地球温暖化による海水温上昇と造礁サンゴの北上

 温室効果ガスの排出などの原因によって、現在、地球温暖化が進行しています。この地球温暖化は、大気の温度を上昇させるだけでなく、海水温も上昇させています。この結果、熱帯の海では、サンゴ礁が死んでしまう白化現象が毎年観測されています。しかし、その一方で海水温が上昇したために、本来サンゴが生息不可能だった温帯の海にも進出することができ、サンゴ礁を形成するようになりました。今回の記事では、こうした造礁サンゴの北上について説明していきます。

サンゴ礁

「サンゴ」とは何か

 南国の海と言えばやはり「サンゴ」のイメージを持つ人が多いかと思います。知名度こそ多いものの、サンゴは一体どのような生物なのかは意外と知られていないと思います。そこでまずは、サンゴとはどのような生き物なのかについて説明します。

サンゴは動物

 サンゴは、刺胞動物門花虫綱のうち硬い骨格をもつ生き物たちのグループのことを言います。刺胞動物とあるので、サンゴは動物なのです!ちなみに、同じ刺胞動物のグループには、イソギンチャクやクラゲなどの生き物がいます。

 サンゴは、「造礁サンゴ」、「宝石サンゴ」、「軟質サンゴ」といったグループに分けることができます。今回は、特に造礁サンゴについて説明します。

「造礁サンゴ」とは

 「造礁サンゴ」とは、一般に「サンゴ礁」と呼ばれる特有の地形を形成するサンゴのグループを指します。共通の特徴としては、石灰質の硬い骨格をもつことがあげられます。

 造礁サンゴというグループは、生物学的に正式な分類ではなく、いくつかの種にまたがっています。しかし、造礁サンゴの多くが花虫綱六放サンゴ亜目イシサンゴ目に属しています。

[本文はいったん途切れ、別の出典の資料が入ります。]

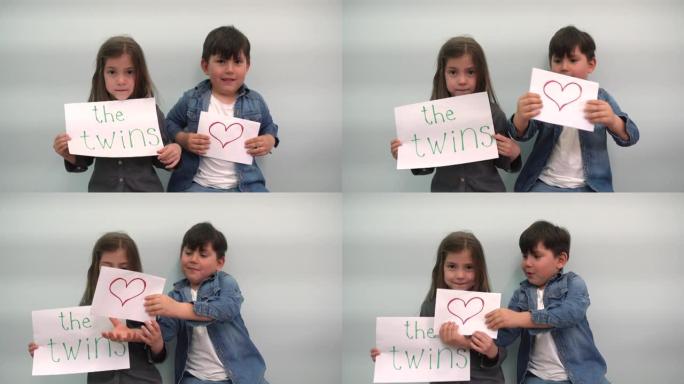 一个男孩和一个女孩展示带有铭文双胞胎和一颗心的纸，孩子们笑着玩耍，孩子们举着带有双胞胎和灰蓝色背景上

 造礁サンゴは全部で800種ほど存在し、そのすべてが褐虫藻と呼ばれる単細胞の藻類を体内に共生させています。

サンゴ北上の条件

 サンゴ礁が北上するためには、一体どのような条件が必要なのでしょうか。当然、海水温の上昇は重要な因子となりますが、サンゴの定着には特にある時期の海水温がカギとなります。

カギは冬季の海水温

 熱帯起源の造礁サンゴにとっては、冬季の低水温がその場所で生息できるか否かの大きな制限要因となっています。

 夏季においては、温帯においても海水温が十分に上昇するため、熱帯の生き物も暮らすことができます。しかし、冬季になると、海水温が低下して、冬を越すことができない熱帯の生き物は死滅します。実際に、夏に黒潮に乗って東京湾にも熱帯の魚が来ることがありますが、冬にはその姿が見られなくなります。これが「黒潮片道の旅」です。

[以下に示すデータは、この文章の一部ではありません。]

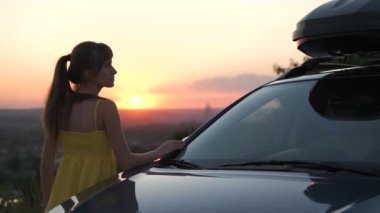 Yazlık elbiseli mutlu genç kız arabasının yanında duruyor ve günbatımının tadını çıkarıyor. Seyahat ve tatil kavramı.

 しかし、近年は地球温暖化の影響によって、冬季の海水温が上昇しています。したがって、夏の間に進出してきたサンゴなどが温帯の冬を越すようになったのです。

 ここで、九州の天草下島の例を紹介します。

天草下島における造礁サンゴの進出

 天草下島は、南方系の造礁サンゴと北方系の大型海草が共存している海域として知られています。

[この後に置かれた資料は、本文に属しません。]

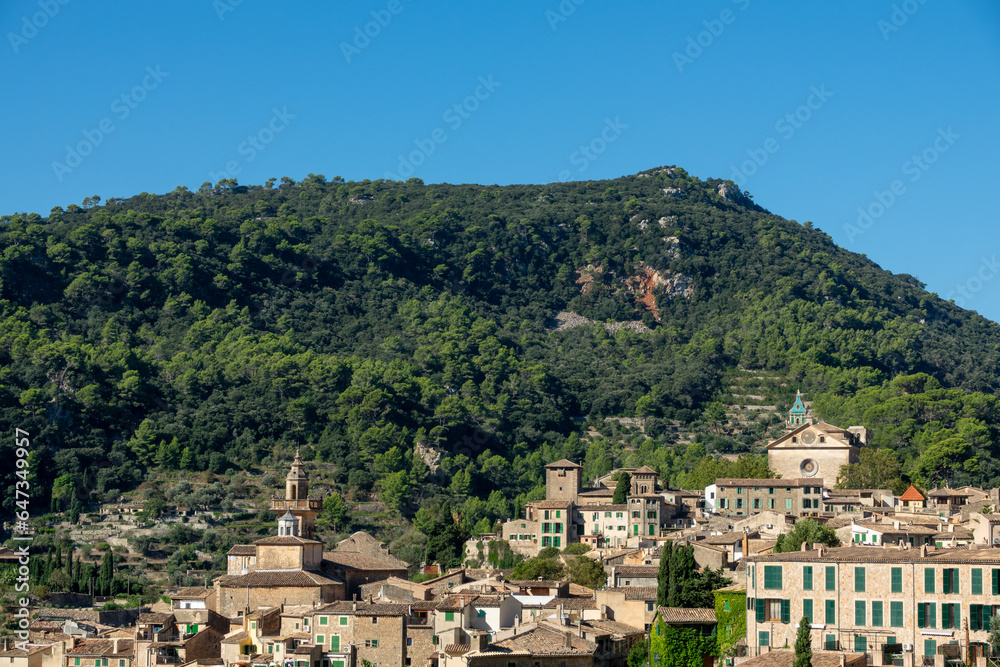 View of the pretty Mallorcan village of Valldemossa, in the protected natural area of the Sierra de Tramuntana, on a sunny summer morning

 造礁サンゴの最適水温は20~28℃であり、冬季に水温18℃を下回ると生育が難しくなります。

 しかし、近年の天草下島では、水温13℃を下回ることが稀になりました。この結果、2000年には被度が数%だったのに対し、最近では70%を超えるようになりました。造礁サンゴの爆発的増加の一方で、本来そこに生息していたガラモやクロメといった大型海藻類は数を減らしました。

サンゴ礁

造礁サンゴの北上をどう評価するか

 造礁サンゴの北上が熱帯や温帯の海にどのような影響を与えるのかを調べることは、とても困難で時間も要します。

 造礁サンゴが北上すると、新たにサンゴ礁が形成されるわけですが、そこには本来別の生態系があったはずです。このように、一つの生態系が別の生態系にシフトしていくことで、どのような影響があるのかについては、考える必要があります。